We've been wrestling with this buglet for a while and have recently put a lot of work into it; taking wireshark dumps, etc. (we can provide these if requested).
The big problem with this bug is that it's intermittent, and I can't come up with a scenario that's 100% reproducible - it's very sensitive to how the client makes the request as to whether the bug triggers; for instance, we found that running 'procmon' on the client kept the bug from triggering.
HOWEVER, we did find that, when the bug triggers, the client always makes a request that looks like:
"Give me /share/dfsref/path/to/file.zip". The samba server responds "STATUS_OBJECT_PATH_NOT_FOUND", but when the client asks a Windows DFS server for the same file, the Windows server returns "STATUS_PATH_NOT_COVERED" (errors as translated by wireshark) - which apparently means something entirely different.
A workaround we found - strangely - is that adding "follow symlinks = no" to the dfs share causes the Windows client to behave differently, such that the client never asks for the full path to the file.

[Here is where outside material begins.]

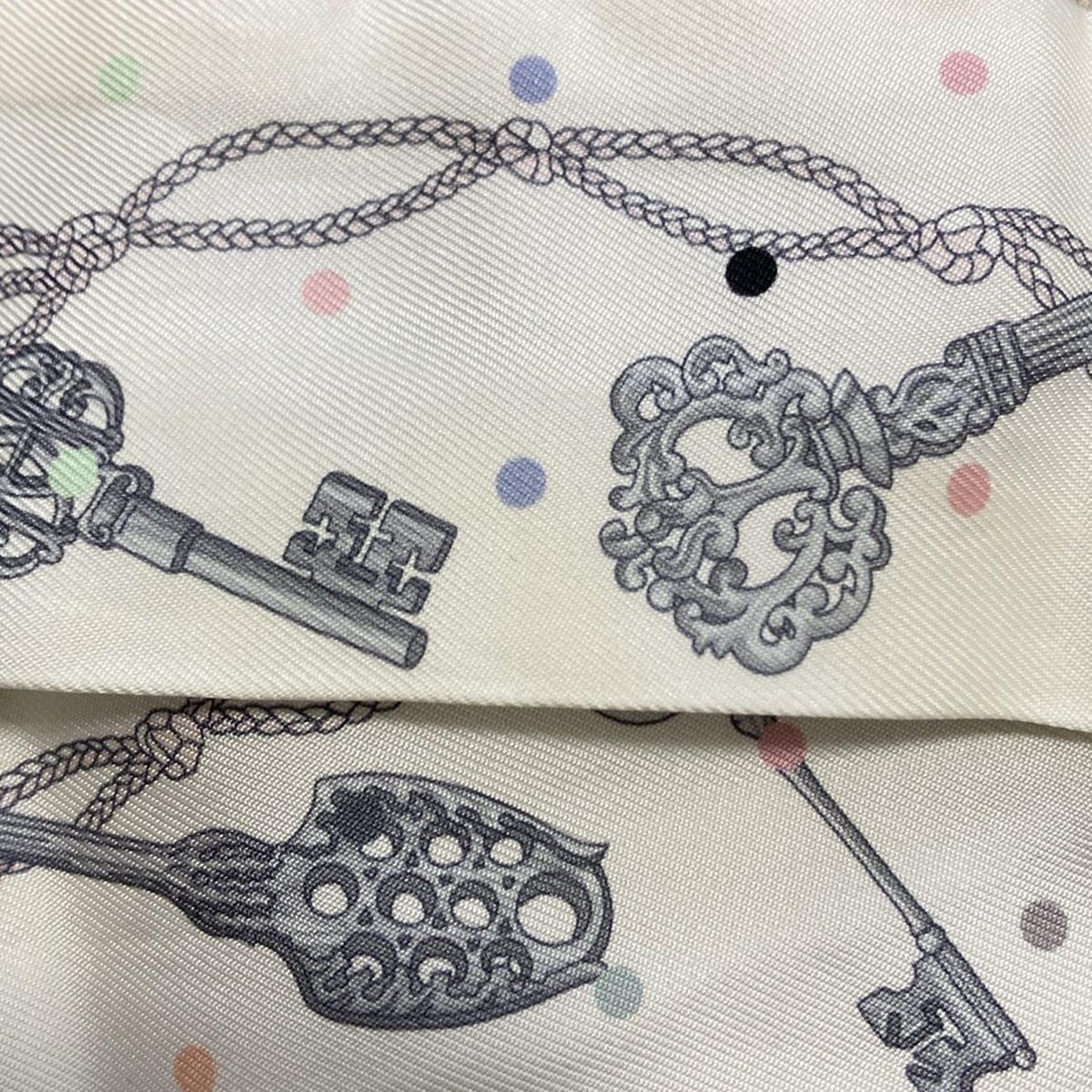 HERMES(エルメス) スカーフ美品 ツイリー 白×グレー×マルチ LES CLES A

This behavior was observed with:
RHEL5 running samba3x-3.5.4-0.83.el5_7.2
RHEL6 running samba-3.5.6-86.el6_1.4.x86_64
I checked the changelogs for samba 3.5.7+, and nothing indicates this bug might be fixed. We do however have a test RHEL6 server where we might be able to try newer packages.

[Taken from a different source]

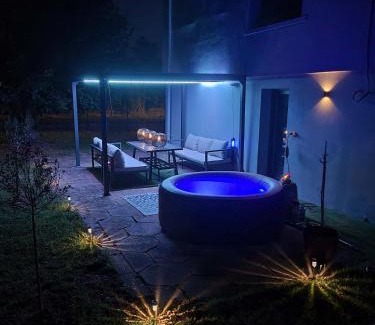 Brens Villa | Villa design jacuzzi et clim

Is there any chance you get get me a debug level to when the STATUS_OBJECT_PATH_NOT_FOUND error is returned in place of the STATUS_PATH_NOT_COVERED ?
If you can get me that I stand a chance of tracking this down and fixing it, without it it's just an unreproducible bug :-(.
Created attachment 6959 [details]
msdfs log level 10 debug log showing error
Glad to provide a debug log. This was on the RHEL6 box running samba-3.5.6-86.el6_1.4.x86_64. I set log level to 3, and msdfs to 10. The NT_STATUS_OBJECT_PATH_NOT_FOUND is sent twice, on lines 1674 and 1706.
Note that the full path would be:
\sbdrive.bridgewater.edu\shares\dparsley\StaffHomes\mflores\test.zip; apparently SB8391~7 is a shortened version of StaffHomes? (not sure how that works?)
Oh, that's very interesting. Looks like the client is sending an 8.3 mangled name "SB8391~7" in the DFS path instead of "StaffHomes".
I bet we don't handle the demangling correctly in the DFS case - we do in the non-DFS case.
Can you attach your smb.conf please - "SB8391~7" looks like an old mangled name, not a hash2 style mangled name.
Also, this doesn't look like a debug level 10 log - I don't see any raw packet data in the log. Please send a debug level 10 log. Run smbd -d10 to make sure it really is using debug level 10.
Oh yes, I see above you only set log level to 3, and msfds to 10. I want a full level 10 log from all components please.
Created attachment 6970 [details]
Raw patch for 3.5.next
Ok, can you try this patch. I think it will fix the problem.
The issue is that we're correctly demangling the pathname inside unix_convert() called from dfs_path_lookup(), but then we're not using the correctly returned demangled name in the subsequent path walk. We're stupidly just doing :
create_synthetic_smb_fname(ctx, pdp->reqpath, NULL, NULL, &smb_fname);
which throws away the correctly demangled smb_fname->base_name we just created and replaces it with a copy of the mangled name that was incoming. This fix will work as when we demangle a 8.3 mangled path component it can only be replaced with a valid single component, so the walk over the pathname via '/' characters should still be correct even with the demangled name.
Please test this both with and without "follow symlinks = no" but it should work in both cases.
Thanks for the patch! I rebuilt the rpms on our RHEL6 test box, and we stress tested with a variety of zip files known to break before, and now can't reproduce the error with or without "follow symlinks = no". As before, when "follow symlinks = no" is set, the client behaves differently and doesn't make the same request.
Next week I can try rebuilding and testing on the production RHEL5 server; your patch and explanation look simple enough that it's probably "obviously correct" and safe.
Let me know if you still need anything from me. I'd like to file a bug with Red Hat bugzilla and try to get this into their packages ahead of them shipping Samba 3.6 (assuming your fix will likely find it's way into that tree, not sure if there will be more 3.5.x releases?)
Created attachment 6972 [details]
git-am fix for 3.6.1
Patch I've applied to master. Also applies cleanly to 3.5.next.
Metze please review and re-assign to Karolin for inclusion.
The bug reporter has confirmed this patch fixes the issues.
Comment on attachment 6972 [details]
git-am fix for 3.6.1
Karolin, please pick for the release
Pushed to v3-5-test and v3-6-test.
Closing out bug report.